Data under study =
=-=-=

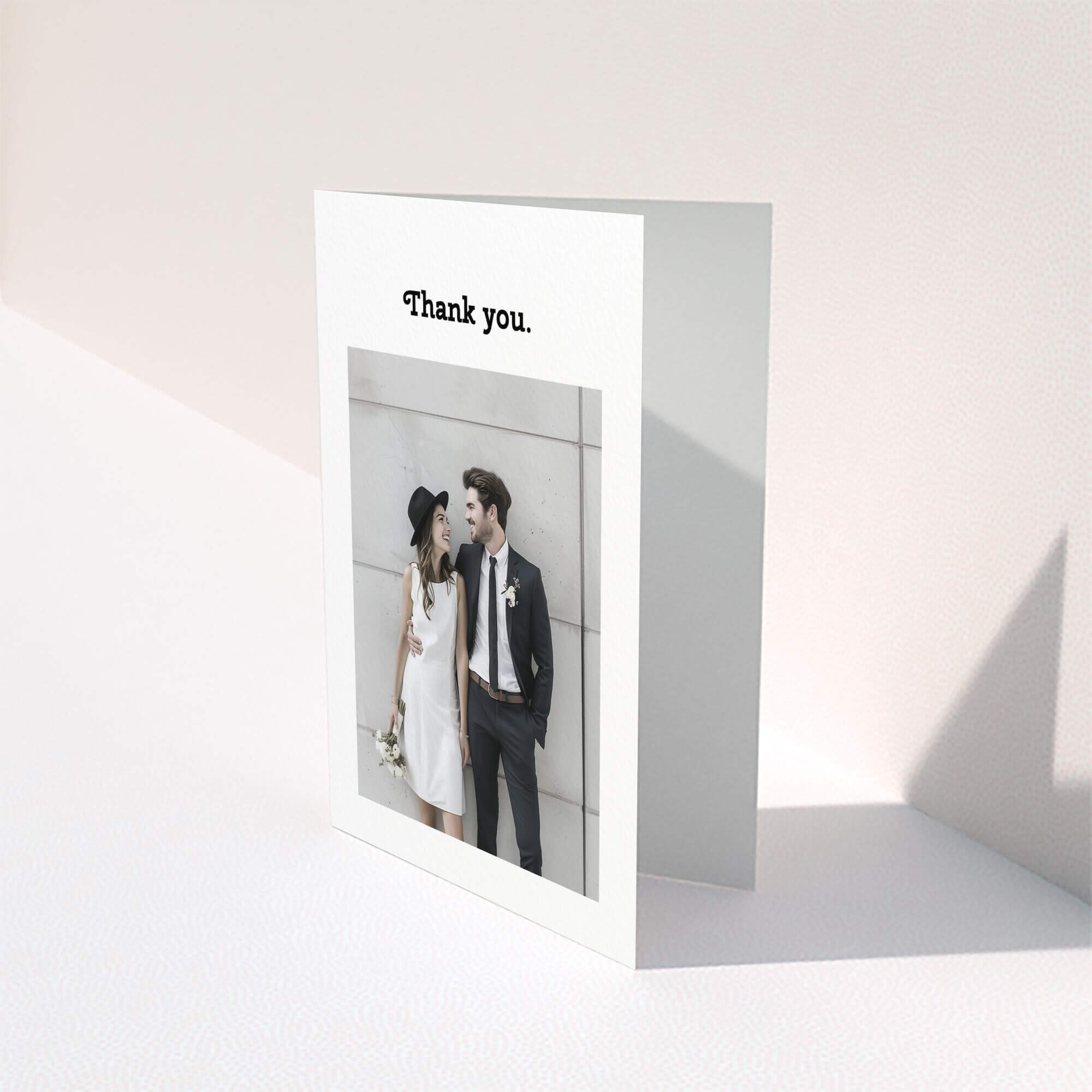 Elegance in Black and White in Wedding Thank You Cards
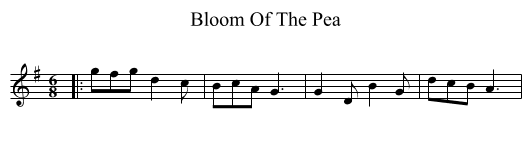 Bloom Of The Pea - staff notation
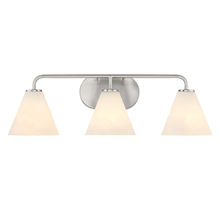  8-2988-3-SN - Blair 3-Light Bathroom Vanity Light in Satin Nickel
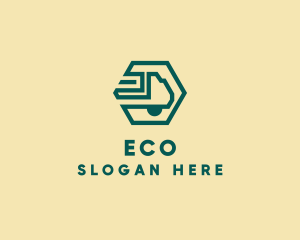 Modern Cargo Transport Truck Logo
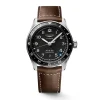 Longines Spirit Zulu Time 42mm L3.812.4.53.2 | Herreure Med Rem | Herreure I Stål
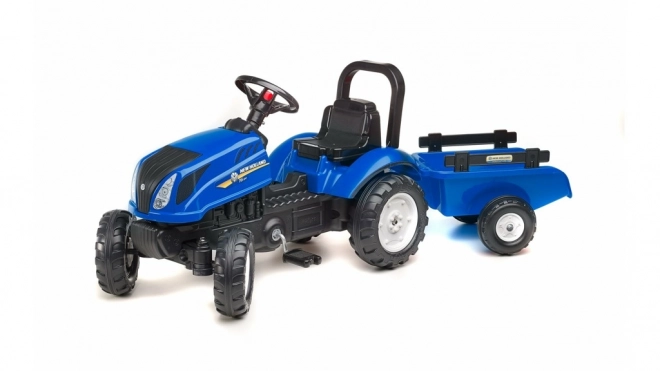 Trattore New Holland T6 con rimorchio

=-=-=

How to complete this task = The line containing "Bloom Of The Pea - staff notation" and each line after it through the end of the listing above are to be written out exactly, without the pictures.

Solved exercise =
 Bloom Of The Pea - staff notation
  8-2988-3-SN - Blair 3-Light Bathroom Vanity Light in Satin Nickel
 Modern Cargo Transport Truck Logo
 Longines Spirit Zulu Time 42mm L3.812.4.53.2 | Herreure Med Rem | Herreure I Stål
 Trattore New Holland T6 con rimorchio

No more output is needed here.